#### [Assignment]
Go through the data below. Pull out every line that has the word "with".

#### [Study material]
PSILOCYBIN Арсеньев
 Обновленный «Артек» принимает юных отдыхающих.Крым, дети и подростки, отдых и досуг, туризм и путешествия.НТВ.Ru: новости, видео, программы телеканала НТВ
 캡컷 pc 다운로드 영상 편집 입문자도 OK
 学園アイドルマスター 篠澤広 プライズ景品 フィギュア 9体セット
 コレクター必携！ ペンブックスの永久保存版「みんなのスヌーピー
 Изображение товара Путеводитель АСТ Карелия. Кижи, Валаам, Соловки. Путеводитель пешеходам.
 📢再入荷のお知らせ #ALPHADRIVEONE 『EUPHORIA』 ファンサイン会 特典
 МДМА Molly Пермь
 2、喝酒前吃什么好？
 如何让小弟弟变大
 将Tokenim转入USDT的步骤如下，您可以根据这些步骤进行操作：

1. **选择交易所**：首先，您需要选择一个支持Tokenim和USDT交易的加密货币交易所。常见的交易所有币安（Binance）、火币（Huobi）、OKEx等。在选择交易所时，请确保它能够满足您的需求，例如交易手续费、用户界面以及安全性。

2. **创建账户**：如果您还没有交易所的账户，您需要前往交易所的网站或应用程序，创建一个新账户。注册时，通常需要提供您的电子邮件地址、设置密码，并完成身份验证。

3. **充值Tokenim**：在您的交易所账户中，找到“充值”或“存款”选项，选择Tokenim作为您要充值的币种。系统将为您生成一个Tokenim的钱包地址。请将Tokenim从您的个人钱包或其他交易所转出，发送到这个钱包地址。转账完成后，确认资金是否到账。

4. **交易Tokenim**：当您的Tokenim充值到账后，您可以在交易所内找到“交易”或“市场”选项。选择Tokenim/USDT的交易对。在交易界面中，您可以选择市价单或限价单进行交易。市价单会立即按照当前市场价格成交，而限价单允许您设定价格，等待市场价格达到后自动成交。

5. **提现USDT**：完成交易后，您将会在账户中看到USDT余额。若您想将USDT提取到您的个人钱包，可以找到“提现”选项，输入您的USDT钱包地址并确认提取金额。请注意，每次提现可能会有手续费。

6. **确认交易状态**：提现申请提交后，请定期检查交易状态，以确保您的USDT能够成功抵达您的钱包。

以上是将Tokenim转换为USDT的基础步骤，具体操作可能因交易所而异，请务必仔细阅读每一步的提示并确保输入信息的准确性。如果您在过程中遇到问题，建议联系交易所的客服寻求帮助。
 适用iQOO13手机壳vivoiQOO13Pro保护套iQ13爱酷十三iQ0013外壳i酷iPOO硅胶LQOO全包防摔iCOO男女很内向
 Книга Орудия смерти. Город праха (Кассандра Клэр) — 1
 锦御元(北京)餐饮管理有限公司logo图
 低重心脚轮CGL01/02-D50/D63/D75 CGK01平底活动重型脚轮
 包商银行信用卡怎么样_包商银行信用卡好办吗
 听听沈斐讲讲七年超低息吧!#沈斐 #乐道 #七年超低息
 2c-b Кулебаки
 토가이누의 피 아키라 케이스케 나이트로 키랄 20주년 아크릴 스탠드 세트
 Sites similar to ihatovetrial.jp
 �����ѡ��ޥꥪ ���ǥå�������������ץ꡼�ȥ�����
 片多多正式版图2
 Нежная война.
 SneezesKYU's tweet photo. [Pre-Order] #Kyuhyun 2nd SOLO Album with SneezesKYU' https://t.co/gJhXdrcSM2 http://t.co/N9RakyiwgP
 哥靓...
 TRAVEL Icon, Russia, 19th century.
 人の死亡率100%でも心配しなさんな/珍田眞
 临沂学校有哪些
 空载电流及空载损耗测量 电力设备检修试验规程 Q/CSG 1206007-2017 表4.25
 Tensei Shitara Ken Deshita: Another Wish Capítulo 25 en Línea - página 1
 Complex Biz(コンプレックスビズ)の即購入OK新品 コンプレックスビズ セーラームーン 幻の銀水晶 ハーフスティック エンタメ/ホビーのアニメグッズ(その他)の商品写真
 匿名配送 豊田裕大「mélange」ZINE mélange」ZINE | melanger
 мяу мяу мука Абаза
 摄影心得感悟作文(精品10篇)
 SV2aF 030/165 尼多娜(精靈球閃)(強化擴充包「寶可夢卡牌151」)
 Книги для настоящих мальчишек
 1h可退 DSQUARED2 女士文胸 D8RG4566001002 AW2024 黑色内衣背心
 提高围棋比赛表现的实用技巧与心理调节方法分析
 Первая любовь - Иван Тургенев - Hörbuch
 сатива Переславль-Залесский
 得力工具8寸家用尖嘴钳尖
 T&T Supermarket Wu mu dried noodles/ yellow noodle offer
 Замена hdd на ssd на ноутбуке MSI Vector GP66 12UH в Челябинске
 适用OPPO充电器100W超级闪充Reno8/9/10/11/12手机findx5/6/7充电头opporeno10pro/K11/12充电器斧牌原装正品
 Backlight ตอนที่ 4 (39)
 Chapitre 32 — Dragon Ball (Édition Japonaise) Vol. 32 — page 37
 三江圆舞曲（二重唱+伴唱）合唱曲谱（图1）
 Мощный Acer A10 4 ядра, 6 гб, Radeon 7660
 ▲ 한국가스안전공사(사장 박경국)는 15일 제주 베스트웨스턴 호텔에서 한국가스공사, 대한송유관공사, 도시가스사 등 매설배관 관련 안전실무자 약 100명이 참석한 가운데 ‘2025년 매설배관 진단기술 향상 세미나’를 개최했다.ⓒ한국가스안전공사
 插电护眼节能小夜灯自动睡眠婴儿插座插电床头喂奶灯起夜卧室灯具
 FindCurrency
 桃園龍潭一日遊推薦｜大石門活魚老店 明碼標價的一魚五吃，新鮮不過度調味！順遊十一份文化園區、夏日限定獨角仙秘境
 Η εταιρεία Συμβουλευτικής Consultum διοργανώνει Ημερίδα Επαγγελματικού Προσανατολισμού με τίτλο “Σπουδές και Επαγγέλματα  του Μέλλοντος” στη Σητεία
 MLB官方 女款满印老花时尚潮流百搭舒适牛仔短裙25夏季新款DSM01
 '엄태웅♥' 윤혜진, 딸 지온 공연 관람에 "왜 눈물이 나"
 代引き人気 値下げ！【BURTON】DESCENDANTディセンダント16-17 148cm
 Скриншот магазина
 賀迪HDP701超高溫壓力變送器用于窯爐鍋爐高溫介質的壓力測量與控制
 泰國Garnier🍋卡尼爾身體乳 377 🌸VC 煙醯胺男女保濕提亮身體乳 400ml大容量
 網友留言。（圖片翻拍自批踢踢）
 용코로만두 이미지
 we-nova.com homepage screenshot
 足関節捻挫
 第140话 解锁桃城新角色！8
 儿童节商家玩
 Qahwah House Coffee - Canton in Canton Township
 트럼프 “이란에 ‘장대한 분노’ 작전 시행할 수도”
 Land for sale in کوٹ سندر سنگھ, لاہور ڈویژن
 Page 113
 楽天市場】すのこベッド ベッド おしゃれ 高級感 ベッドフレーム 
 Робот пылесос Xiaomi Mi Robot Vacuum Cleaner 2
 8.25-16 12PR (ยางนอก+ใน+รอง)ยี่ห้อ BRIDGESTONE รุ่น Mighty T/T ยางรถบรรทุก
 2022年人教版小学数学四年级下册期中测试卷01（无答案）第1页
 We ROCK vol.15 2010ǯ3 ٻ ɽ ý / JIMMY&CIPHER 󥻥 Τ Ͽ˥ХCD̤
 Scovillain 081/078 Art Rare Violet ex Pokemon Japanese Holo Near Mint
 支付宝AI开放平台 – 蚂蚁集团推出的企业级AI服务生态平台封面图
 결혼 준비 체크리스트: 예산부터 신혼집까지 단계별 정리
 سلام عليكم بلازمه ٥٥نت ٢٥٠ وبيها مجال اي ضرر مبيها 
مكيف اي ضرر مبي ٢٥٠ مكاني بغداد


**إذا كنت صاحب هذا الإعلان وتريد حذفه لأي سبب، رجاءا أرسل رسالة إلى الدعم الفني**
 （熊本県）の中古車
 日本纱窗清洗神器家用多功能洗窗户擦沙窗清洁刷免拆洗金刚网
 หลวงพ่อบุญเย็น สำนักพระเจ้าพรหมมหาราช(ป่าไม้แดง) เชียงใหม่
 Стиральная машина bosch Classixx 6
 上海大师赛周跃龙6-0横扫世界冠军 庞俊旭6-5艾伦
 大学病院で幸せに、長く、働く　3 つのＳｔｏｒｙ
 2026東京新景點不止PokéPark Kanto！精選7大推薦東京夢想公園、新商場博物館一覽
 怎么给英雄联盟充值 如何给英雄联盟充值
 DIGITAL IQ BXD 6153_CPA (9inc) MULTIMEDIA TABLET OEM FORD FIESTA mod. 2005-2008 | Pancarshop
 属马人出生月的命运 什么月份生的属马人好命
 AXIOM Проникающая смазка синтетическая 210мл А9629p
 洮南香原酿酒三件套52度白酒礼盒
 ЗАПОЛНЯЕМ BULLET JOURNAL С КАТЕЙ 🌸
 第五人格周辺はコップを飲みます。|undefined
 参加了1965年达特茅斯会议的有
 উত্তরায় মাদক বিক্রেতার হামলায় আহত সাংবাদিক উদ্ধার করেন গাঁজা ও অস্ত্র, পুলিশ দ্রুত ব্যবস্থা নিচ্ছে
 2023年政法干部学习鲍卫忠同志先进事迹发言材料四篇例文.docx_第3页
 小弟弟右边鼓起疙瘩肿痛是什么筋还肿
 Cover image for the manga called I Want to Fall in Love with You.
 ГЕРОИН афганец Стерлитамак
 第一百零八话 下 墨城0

#### [Exercise output]
 SneezesKYU's tweet photo. [Pre-Order] #Kyuhyun 2nd SOLO Album with SneezesKYU' https://t.co/gJhXdrcSM2 http://t.co/N9RakyiwgP
 Cover image for the manga called I Want to Fall in Love with You.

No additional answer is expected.